One would think that all of the “experienced government officials” would stand to gain from a sudden pivot in focus to the nuances and complexities of global diplomacy and the arcane, layered, official and unofficial competing constituencies in the Middle East. Or, then again, perhaps not.  That rapidly receding 4% who had not yet been convinced that Jeb Bush is actually an incompetent candidate had to listen to baby brother offer up that we solve the Syria immigration problem by only accepting Christian Syrians.

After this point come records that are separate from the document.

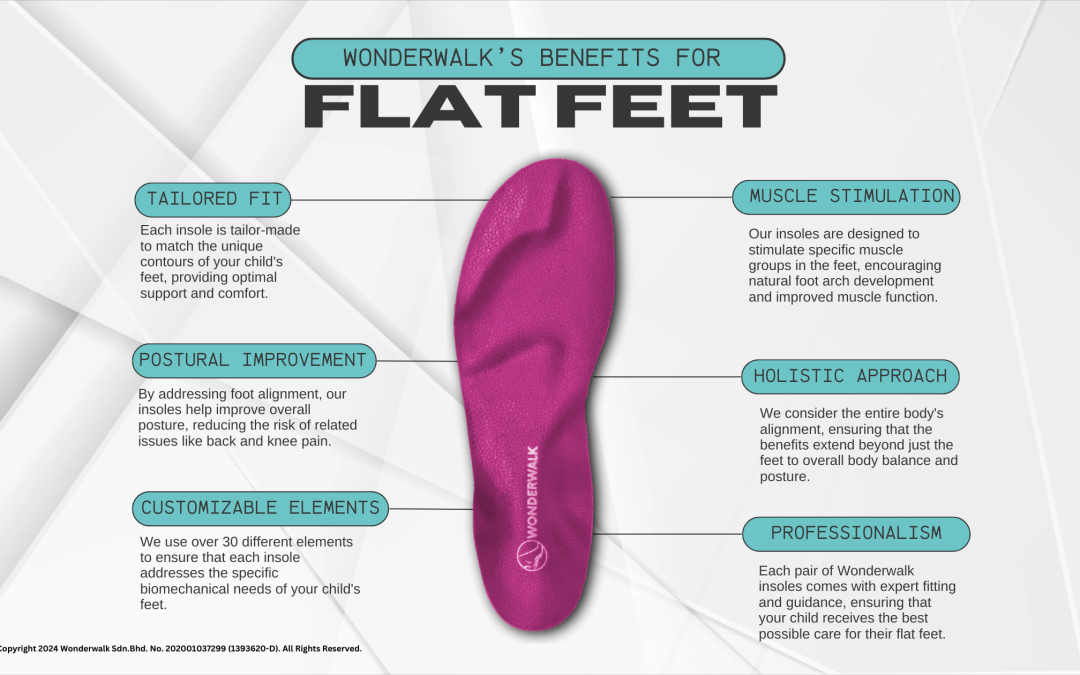 Wonderwalk’s Benefits for Flat Feet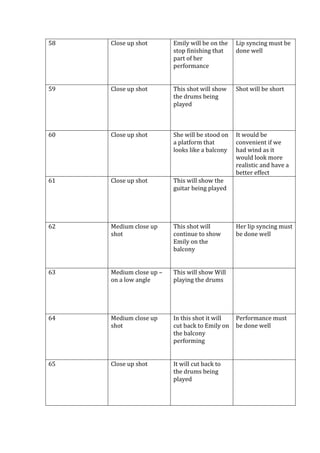 58

Close up shot

Emily will be on the
stop finishing that
part of her
performance

Lip syncing must be
done well

59

Close up shot

This shot will show
the drums being
played

Shot will be short

60

Close up shot

She will be stood on
a platform that
looks like a balcony

It would be
convenient if we
had wind as it
would look more
realistic and have a
better effect

61

Close up shot

This will show the
guitar being played

62

Medium close up
shot

This shot will
continue to show
Emily on the
balcony

63

Medium close up –
on a low angle

This will show Will
playing the drums

64

Medium close up
shot

In this shot it will
cut back to Emily on
the balcony
performing

65

Close up shot

It will cut back to
the drums being
played

Her lip syncing must
be done well

Performance must
be done well

 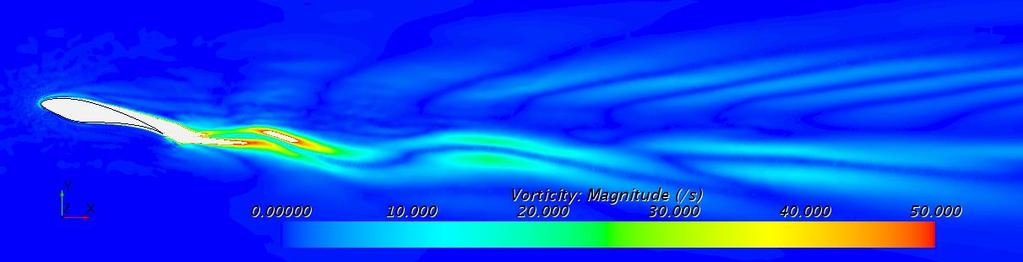 Figure 14 presents the vorticity field on S825 airfoil at 0deg and 14deg AoA.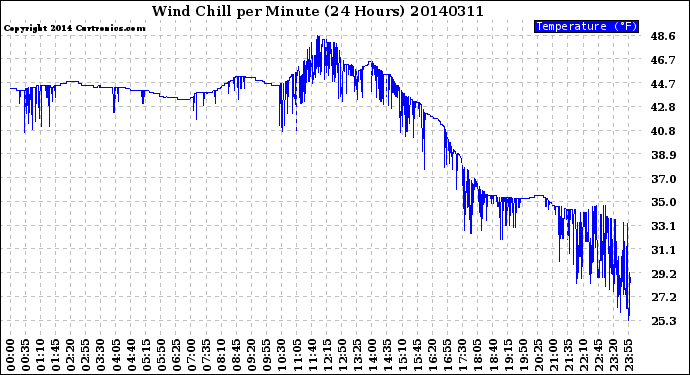 Milwaukee Weather Wind Chill<br>per Minute<br>(24 Hours)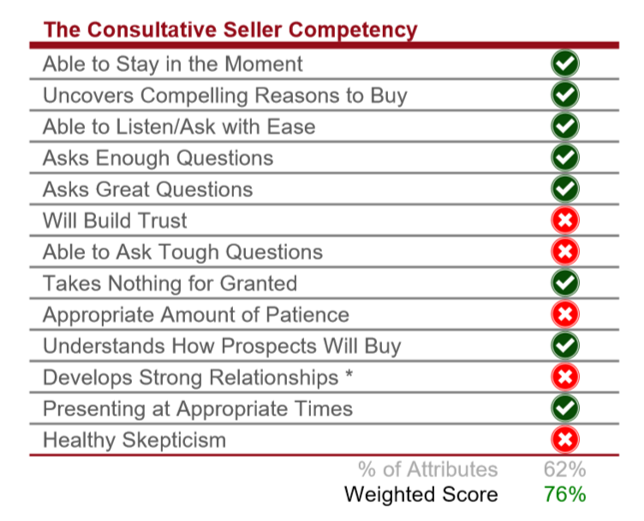 Sample Findings from OMG Sales Evaluation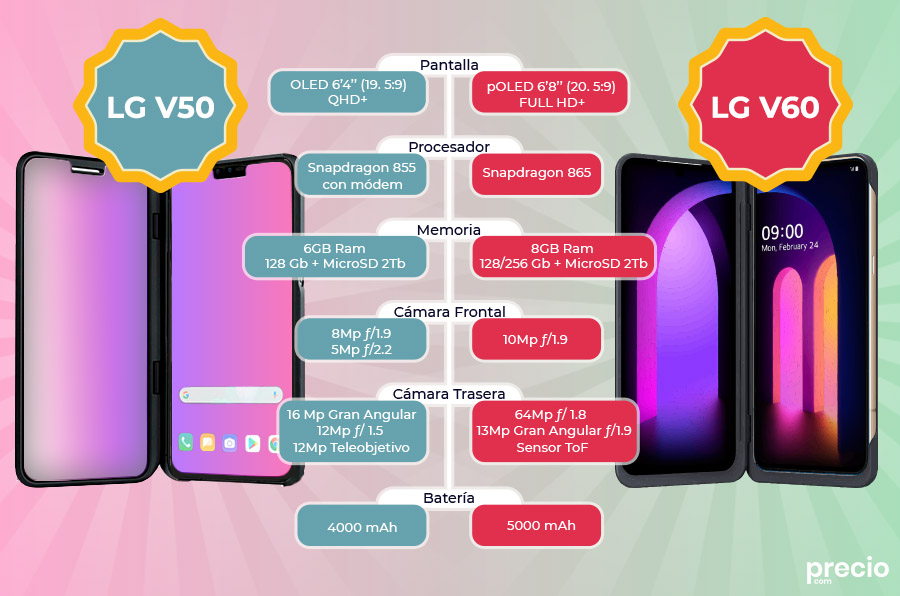 infografia LG V60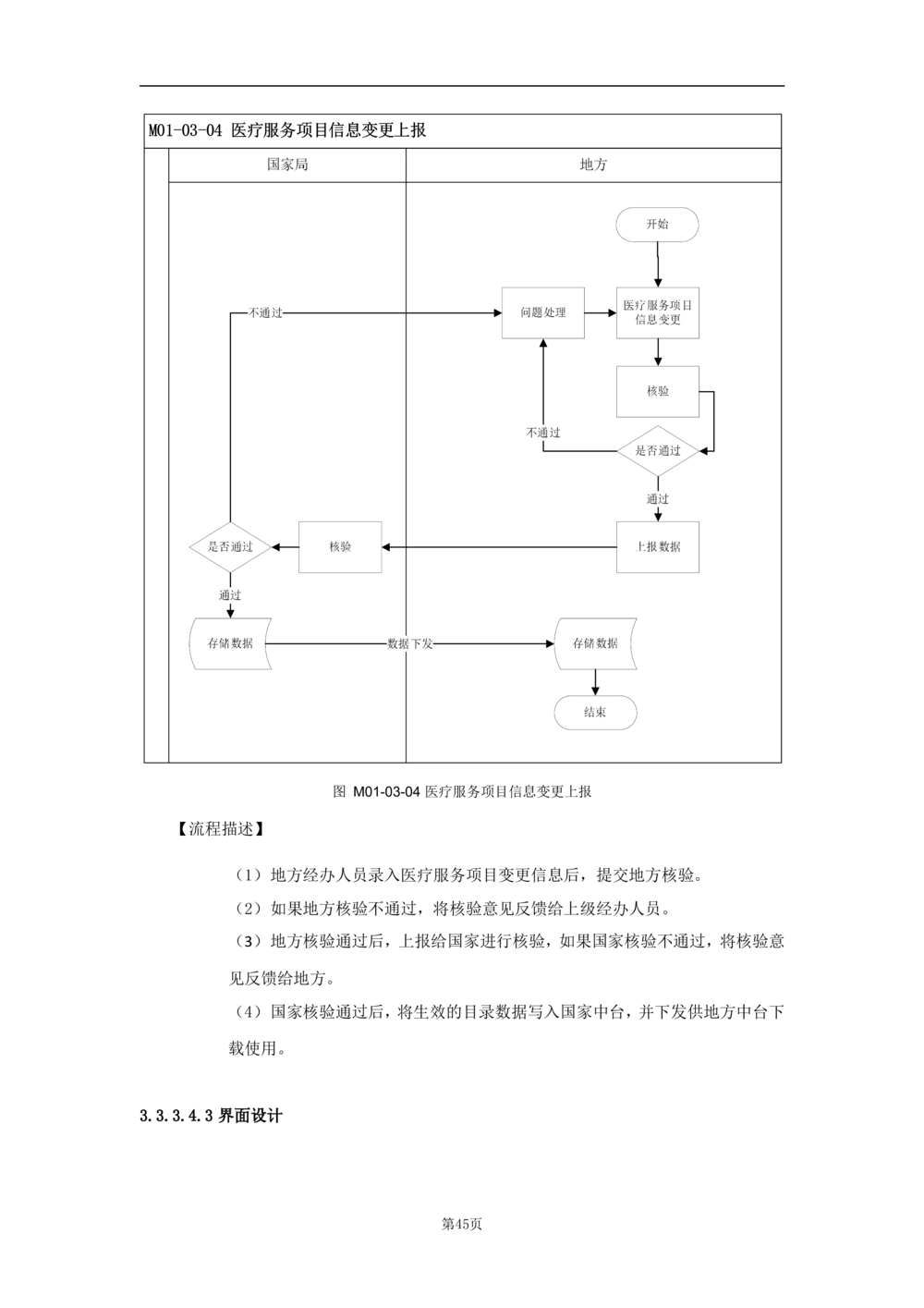 基础信息管理子系统-需求规格说明书_436套软件开发需求文档_VD516-软件开发需求文档_10各类系统软件开发需求_更新内容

There’s a wonderful clip of him being asked just exactly how we establish which Syrians are Christian and which are Muslim, and you can witness that painfully awkward moment of a Bush at war with the English language. “Well, you can prove it,” squirming Jeb mumbles, once again – as with his entire candidacy – offering no proof, no logic, and no conviction.

Which brings us back once again to the Cruz and Rubio show. I submit that the recent ascendance of Ted Cruz over Rubio is an echo of the exact same phenomenon that reshaped Trump and Carson. Cruz – like Trump – is the high testosterone fire-breather who stokes the passions of the fearful. Rubio, a la Carson, is generally more even-tempered and moderate. Rubio is always skittish about immigration, having once advanced legislation that alienated red-staters from Baja to South Beach. Cruz, on the other hand, is out in front of the Syrian-bating. In short, the exact two elements that are propelling Trump over Carson – macho posturing and fear-mongering about immigration – are driving Cruz past Rubio.

Finally, please allow me just one last observation: When 130 citizens are brutally slaughtered with AK 47s in Paris, our politicians cannot hold themselves back from the lights, action, and camera; screaming about the changes that must immediately take place in order to protect our citizens from the savagery of demented souls. One only wishes that they displayed such passion, moral rectitude and visibility when children in Connecticut and theatre goers in Colorado were ripped to shreds by the exact same weaponry, which is fully accessible to the demented souls on our own shores. Indeed, it’s an easy inference that Donald Trump thinks that those first graders would still be alive if only they’d been packing heat, and Ben Carson is puzzled why the Parisians sipping their Chateau Neuf du Pape at a sidewalk cafĂ© didn’t have the guts to run headlong and attack their killers.

Bill Maher was on The Late Show with Stephen Colbert last week, and he confessed that he had completely changed his mind about the duration of the American presidential selection process. Where he had once decried the waste and farce of an 18-month declare/ debate/ primary/ nominate/ elect cycle, he now expressed his deep appreciation for its very length.  His reason? Americans are – in his words -- “slow and dim and dumb and need extra time” to finally figure out which candidates are worthy of office.


Let’s hope the Republicans use that time wisely. Iowa is six weeks away.